▸ **WHAT TO WORK ON**
Nothing but the lines from the one containing "Magician Electric Milk Frother black" through the one containing "Slim Fit Doku", both included, should be given again, each exactly as written below.

▸ **Stored entries**
━━━━━━
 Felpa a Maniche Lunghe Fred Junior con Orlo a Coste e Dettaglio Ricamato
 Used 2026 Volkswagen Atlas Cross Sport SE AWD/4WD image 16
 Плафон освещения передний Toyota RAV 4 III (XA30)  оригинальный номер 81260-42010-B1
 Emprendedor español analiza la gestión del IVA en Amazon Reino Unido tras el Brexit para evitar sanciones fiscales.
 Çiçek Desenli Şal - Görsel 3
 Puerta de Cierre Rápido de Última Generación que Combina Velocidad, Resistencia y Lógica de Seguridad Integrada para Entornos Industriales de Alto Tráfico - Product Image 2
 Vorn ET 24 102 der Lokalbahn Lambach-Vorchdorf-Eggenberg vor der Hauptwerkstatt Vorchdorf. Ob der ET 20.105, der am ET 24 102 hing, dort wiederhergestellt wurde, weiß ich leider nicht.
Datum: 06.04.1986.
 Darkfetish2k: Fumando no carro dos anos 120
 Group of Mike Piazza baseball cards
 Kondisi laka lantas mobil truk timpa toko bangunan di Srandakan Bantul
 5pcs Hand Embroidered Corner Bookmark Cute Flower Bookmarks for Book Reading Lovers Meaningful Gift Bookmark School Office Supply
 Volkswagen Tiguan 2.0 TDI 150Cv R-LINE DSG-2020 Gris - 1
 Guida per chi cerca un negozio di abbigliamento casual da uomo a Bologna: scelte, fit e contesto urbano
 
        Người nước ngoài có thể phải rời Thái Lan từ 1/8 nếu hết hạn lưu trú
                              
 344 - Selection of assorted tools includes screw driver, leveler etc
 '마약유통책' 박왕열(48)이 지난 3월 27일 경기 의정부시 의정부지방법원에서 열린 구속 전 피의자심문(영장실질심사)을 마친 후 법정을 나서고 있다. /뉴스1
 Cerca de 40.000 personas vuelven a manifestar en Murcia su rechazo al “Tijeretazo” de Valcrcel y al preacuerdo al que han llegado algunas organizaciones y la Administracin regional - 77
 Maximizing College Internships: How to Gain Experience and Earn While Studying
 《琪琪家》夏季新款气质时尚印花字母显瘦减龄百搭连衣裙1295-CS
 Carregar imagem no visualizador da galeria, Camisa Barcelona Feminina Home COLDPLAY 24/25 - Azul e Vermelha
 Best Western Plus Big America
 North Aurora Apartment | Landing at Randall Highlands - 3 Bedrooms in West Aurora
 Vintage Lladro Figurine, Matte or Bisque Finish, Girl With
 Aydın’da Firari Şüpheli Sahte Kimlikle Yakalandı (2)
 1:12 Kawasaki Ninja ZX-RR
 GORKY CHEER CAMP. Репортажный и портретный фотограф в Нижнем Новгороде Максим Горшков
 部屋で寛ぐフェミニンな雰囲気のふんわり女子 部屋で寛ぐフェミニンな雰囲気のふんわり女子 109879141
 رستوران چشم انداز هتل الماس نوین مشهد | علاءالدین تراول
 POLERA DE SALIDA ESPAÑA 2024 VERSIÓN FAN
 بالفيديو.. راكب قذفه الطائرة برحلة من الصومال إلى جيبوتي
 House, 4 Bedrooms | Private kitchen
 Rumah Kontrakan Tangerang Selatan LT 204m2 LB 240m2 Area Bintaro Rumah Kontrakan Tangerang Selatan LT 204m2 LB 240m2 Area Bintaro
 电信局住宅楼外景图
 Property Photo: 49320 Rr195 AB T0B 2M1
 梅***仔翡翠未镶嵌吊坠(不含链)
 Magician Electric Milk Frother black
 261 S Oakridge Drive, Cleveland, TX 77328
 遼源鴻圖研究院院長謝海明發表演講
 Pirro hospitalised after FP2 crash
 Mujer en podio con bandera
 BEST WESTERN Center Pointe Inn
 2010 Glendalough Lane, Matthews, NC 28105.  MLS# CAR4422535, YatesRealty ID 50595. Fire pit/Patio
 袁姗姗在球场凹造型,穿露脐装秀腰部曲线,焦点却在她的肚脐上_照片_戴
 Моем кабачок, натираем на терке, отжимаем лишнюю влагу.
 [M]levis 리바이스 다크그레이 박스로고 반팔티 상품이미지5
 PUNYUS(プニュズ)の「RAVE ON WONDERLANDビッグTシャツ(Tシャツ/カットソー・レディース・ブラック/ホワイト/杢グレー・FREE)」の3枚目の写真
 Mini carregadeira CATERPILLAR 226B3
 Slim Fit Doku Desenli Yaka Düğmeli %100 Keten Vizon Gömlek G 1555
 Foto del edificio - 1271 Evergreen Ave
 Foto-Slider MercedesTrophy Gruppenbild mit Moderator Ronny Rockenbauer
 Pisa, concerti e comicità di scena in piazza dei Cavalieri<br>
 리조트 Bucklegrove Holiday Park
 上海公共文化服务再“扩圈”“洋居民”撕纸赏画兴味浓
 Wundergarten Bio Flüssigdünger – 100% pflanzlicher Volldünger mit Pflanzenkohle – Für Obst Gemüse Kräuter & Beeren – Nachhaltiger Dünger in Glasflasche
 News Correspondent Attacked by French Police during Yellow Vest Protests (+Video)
━━━━━━
▸ **SOLVED EXERCISE**
 Magician Electric Milk Frother black
 261 S Oakridge Drive, Cleveland, TX 77328
 遼源鴻圖研究院院長謝海明發表演講
 Pirro hospitalised after FP2 crash
 Mujer en podio con bandera
 BEST WESTERN Center Pointe Inn
 2010 Glendalough Lane, Matthews, NC 28105.  MLS# CAR4422535, YatesRealty ID 50595. Fire pit/Patio
 袁姗姗在球场凹造型,穿露脐装秀腰部曲线,焦点却在她的肚脐上_照片_戴
 Моем кабачок, натираем на терке, отжимаем лишнюю влагу.
 [M]levis 리바이스 다크그레이 박스로고 반팔티 상품이미지5
 PUNYUS(プニュズ)の「RAVE ON WONDERLANDビッグTシャツ(Tシャツ/カットソー・レディース・ブラック/ホワイト/杢グレー・FREE)」の3枚目の写真
 Mini carregadeira CATERPILLAR 226B3
 Slim Fit Doku Desenli Yaka Düğmeli %100 Keten Vizon Gömlek G 1555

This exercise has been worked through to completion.